## Image-caption web data:
━━━
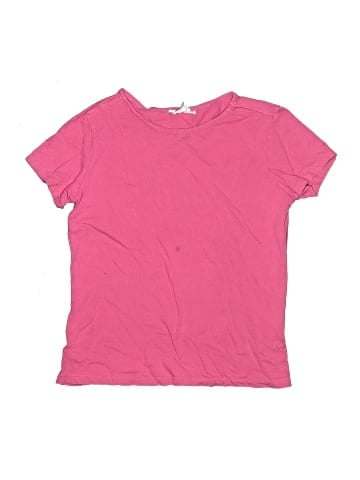 Chillipop Short Sleeve T-Shirt (view 1)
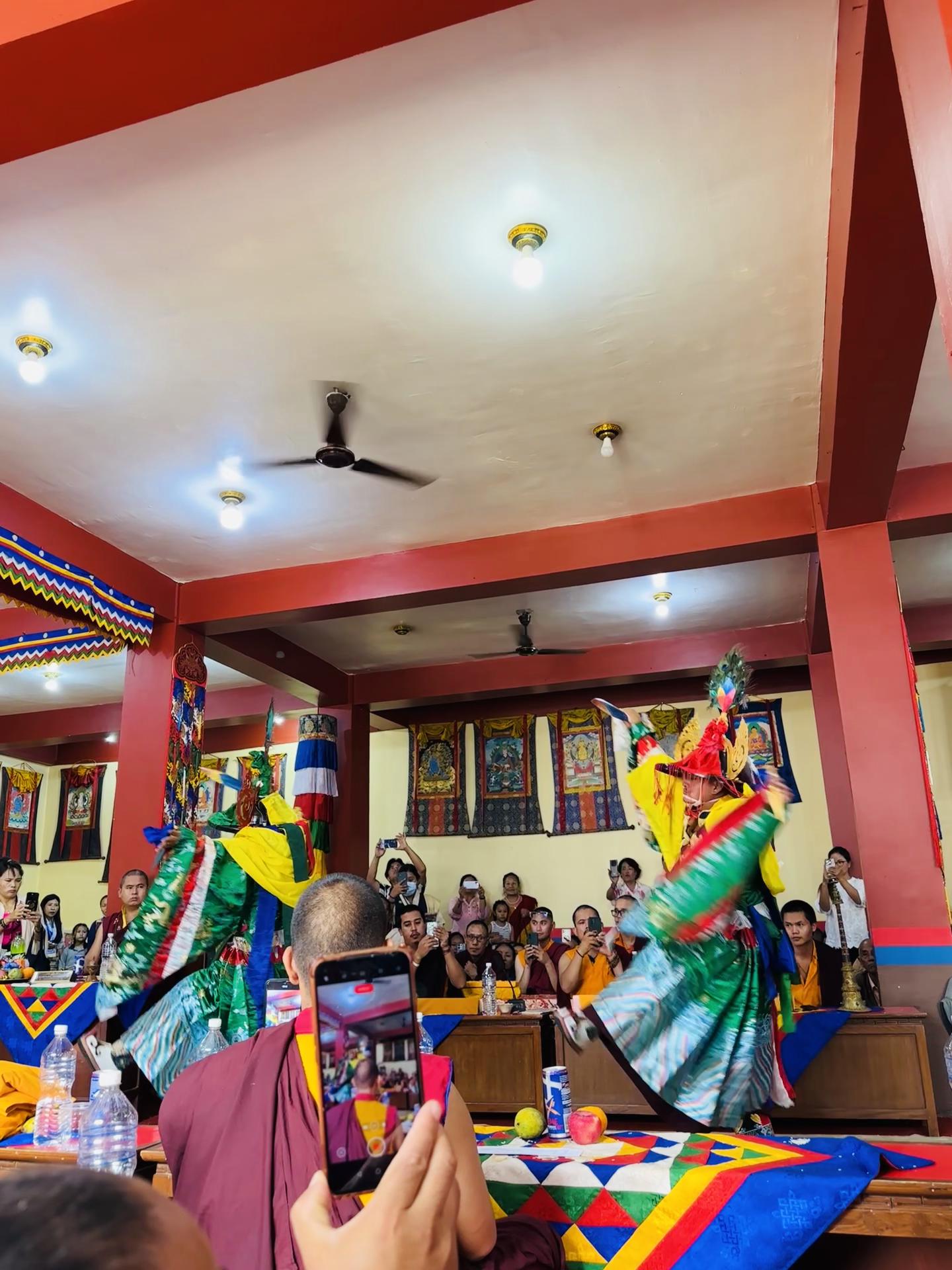 @Sunita Tamang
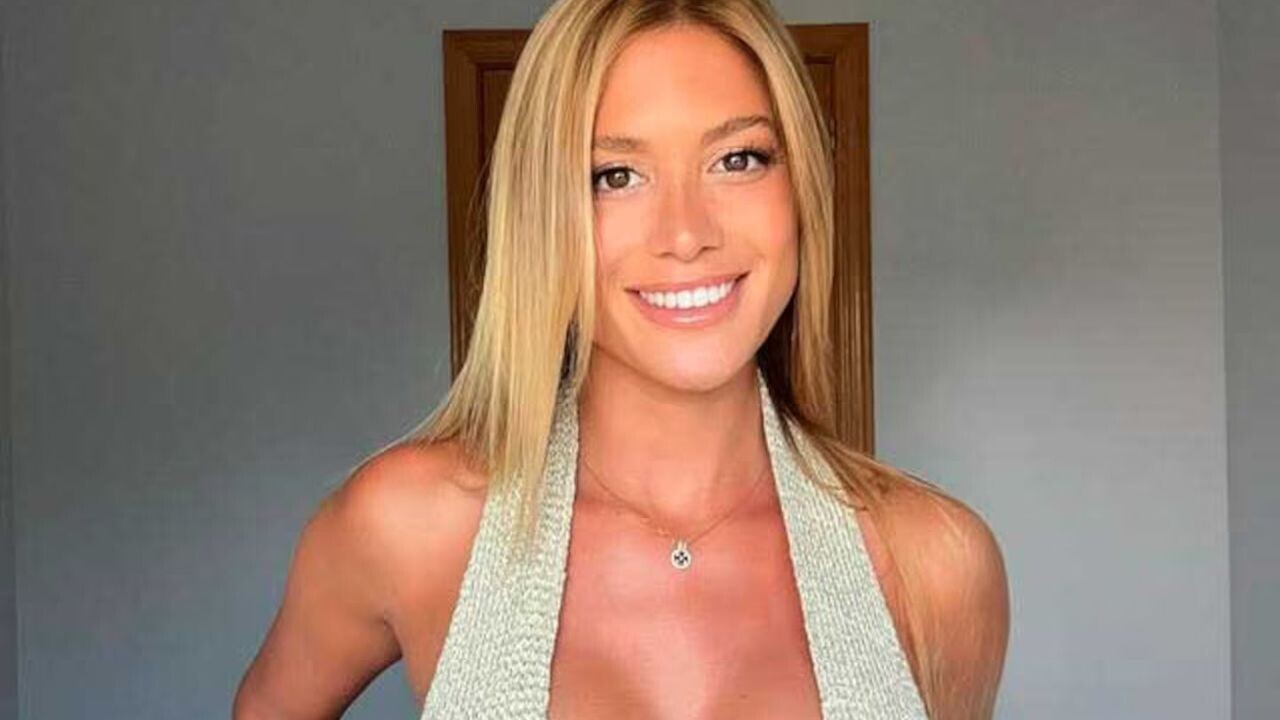 Uh y ahora A quién le vendo este buzon (9).jpg Uh y ahora A quién le vendo este buzon (9).jpg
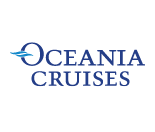 Oceania Cruises | Mira Tours – Reisbureau Haacht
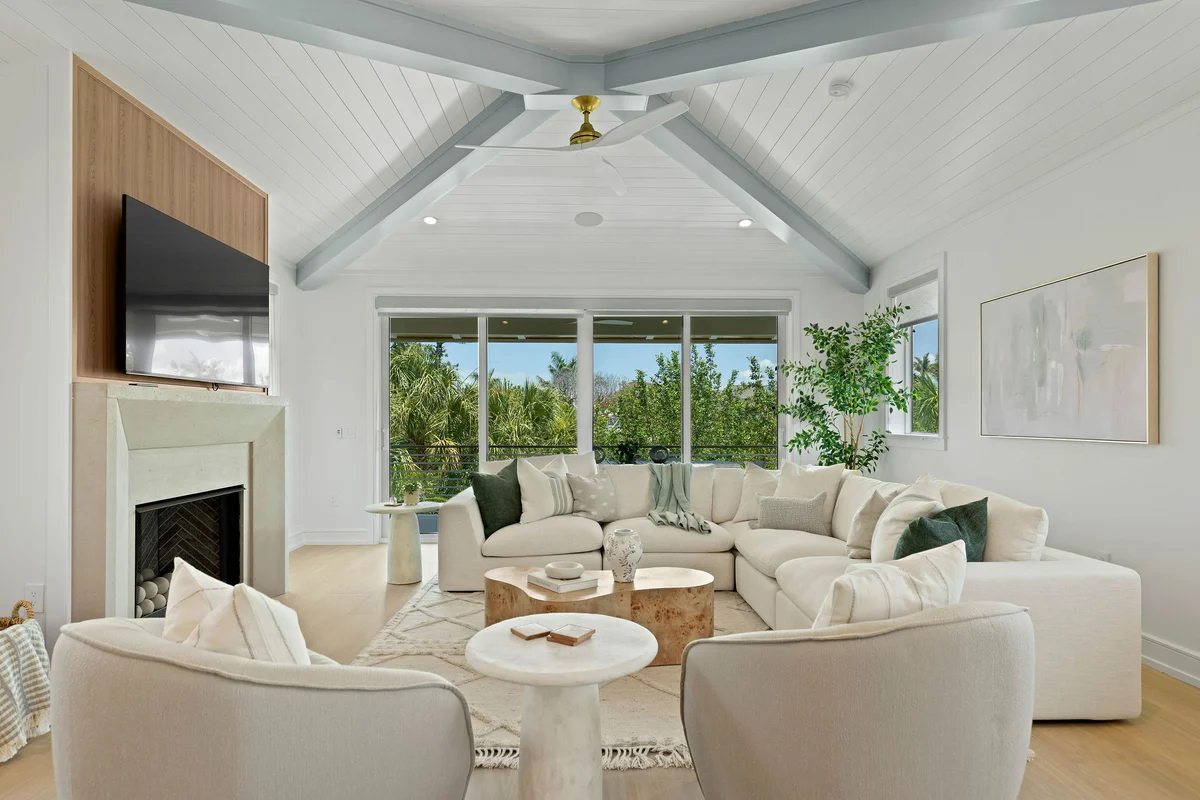 Hardin Hideaway #17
━━━
## Exercise brief:
The records are to be retyped in full and exactly, with no image carried over.

## Task result:
 Chillipop Short Sleeve T-Shirt (view 1)
 @Sunita Tamang
 Uh y ahora A quién le vendo este buzon (9).jpg Uh y ahora A quién le vendo este buzon (9).jpg
 Oceania Cruises | Mira Tours – Reisbureau Haacht
 Hardin Hideaway #17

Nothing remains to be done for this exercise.